Skip to content

New gather scatter infrastructure

mmp edited this page Jul 9, 2012 · 2 revisions

There are a few improvements that could/should be made to ispc's code for handling gathers and scatters.

More efficient handling of structs

The biggest opportunity is in how structs are handled: currently, if we're gathering from/scattering do a struct type, the compiler goes down to the leaves of the struct elements and gathers/scatters each one.

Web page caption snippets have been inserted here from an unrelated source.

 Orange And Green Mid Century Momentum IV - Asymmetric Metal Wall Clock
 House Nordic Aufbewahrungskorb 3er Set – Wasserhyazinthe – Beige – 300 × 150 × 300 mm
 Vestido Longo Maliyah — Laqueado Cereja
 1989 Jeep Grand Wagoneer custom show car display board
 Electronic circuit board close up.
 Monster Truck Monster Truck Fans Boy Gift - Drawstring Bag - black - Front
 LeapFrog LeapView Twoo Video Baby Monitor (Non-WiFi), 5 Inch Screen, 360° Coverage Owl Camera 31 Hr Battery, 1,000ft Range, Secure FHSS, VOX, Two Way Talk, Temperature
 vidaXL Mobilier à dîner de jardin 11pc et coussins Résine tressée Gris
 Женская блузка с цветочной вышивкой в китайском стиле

So for a scatter the generated code looks something like:

// scatter to struct Foo { uniform float a, b, c };
foreach SIMD lane
    if lane is on
        scatter to lvalue for Foo::a for this lane
foreach SIMD lane
    if lane is on
        scatter to lvalue for Foo::b for this lane
foreach SIMD lane
    if lane is on
        scatter to lvalue for Foo::c for this lane

It would be much better to generate code like:

foreach SIMD lane
    if lane is on
        scatter to lvalue for Foo for this lane

A possible route to doing this would be to implement a more general scatter function in LLVM bitcode in the standard library that had a signature something like:

scatter(uniform void *basePointer, varying int *offsets, uniform int structEltCount,
        uniform int *structEltOffsets, uniform int *structEltSizes, varying void *rvalue)

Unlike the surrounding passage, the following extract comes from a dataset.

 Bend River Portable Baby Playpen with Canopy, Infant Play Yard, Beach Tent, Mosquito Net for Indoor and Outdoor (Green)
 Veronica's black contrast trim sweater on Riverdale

(Note the mishmash of ispc/C syntax in the above declaration). The basic notion being that the ispc compiler emits a call to this helper scatter function with the base pointer of the array being scattered to, per-program-instance offsets into the element of the array to scatter to, information about the struct layout (number of elements, offsets of each element from the start of the struct, size of each element type), and then the varying rvalue to be scattered out.

The LLVM bitcode implementation of this function would implement the outer loop over the SIMD lanes and then a loop over the struct elements as passed in. Hopefully, once this was inlined and optimized, the loop over struct elements and the indexing into the structEltOffsets/structEltSizes arrays would be turned into straightline code with explicit constants. (This might require some experimentation to present it in a format that LLVM was happy with.)